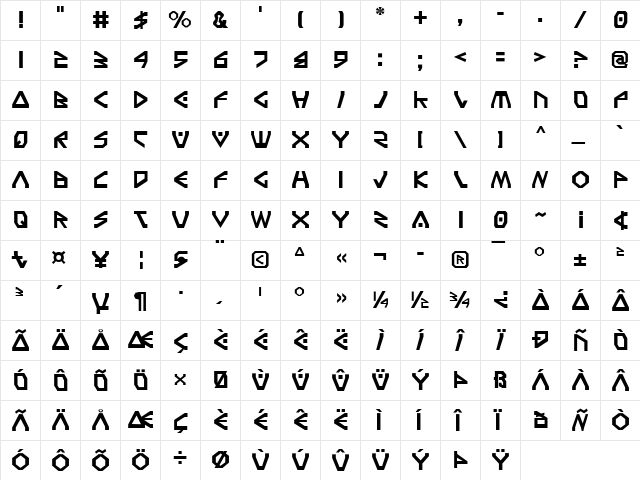 Terra Firma Regular  glyph index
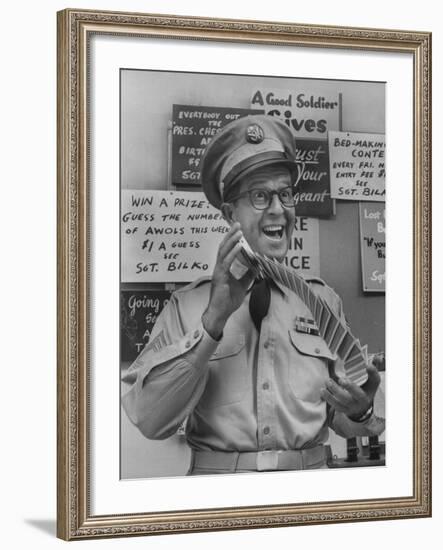 Comedian Phil Silvers Playing Cards on His Television Show-Yale Joel-Framed Premium Photographic Print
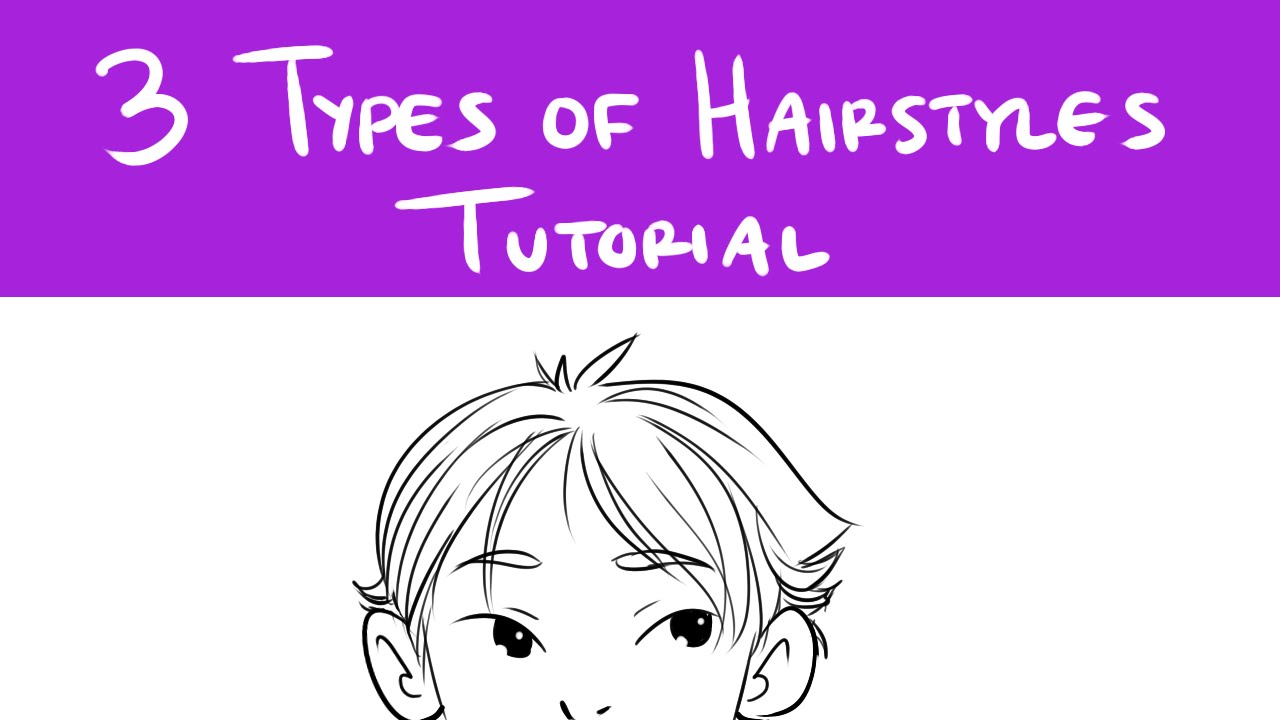 How To Draw Hair 3 Types Youtube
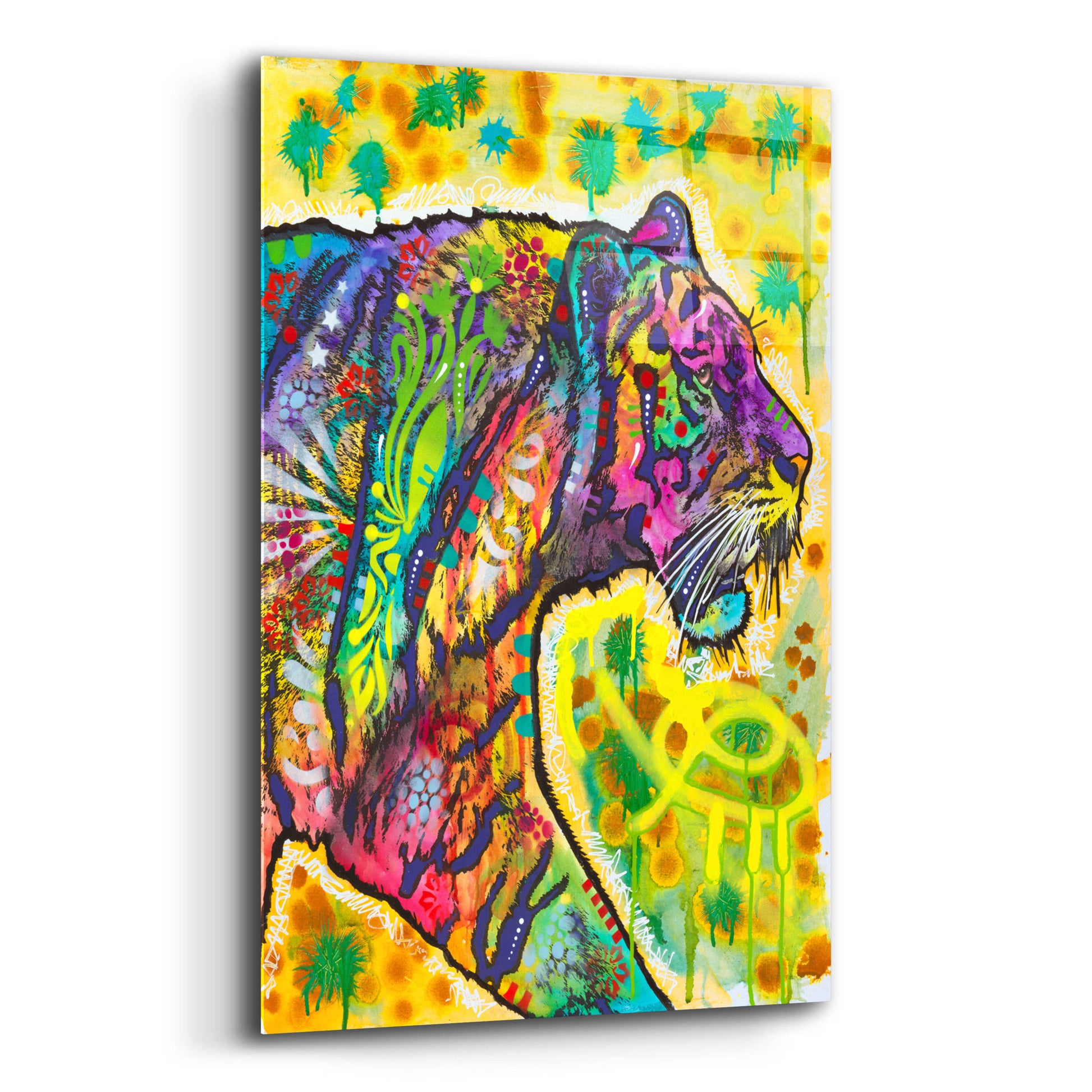 Epic Art 'Psychedelic Tiger' by Dean Russo, Acrylic Glass Wall Art,16x24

PROBLEM TO SOLVE
Only the lines from the line with "Comedian Phil Silvers" through the final line of the material belong in the answer, copied exactly and without pictures.

EXERCISE OUTPUT
 Comedian Phil Silvers Playing Cards on His Television Show-Yale Joel-Framed Premium Photographic Print
 How To Draw Hair 3 Types Youtube
 Epic Art 'Psychedelic Tiger' by Dean Russo, Acrylic Glass Wall Art,16x24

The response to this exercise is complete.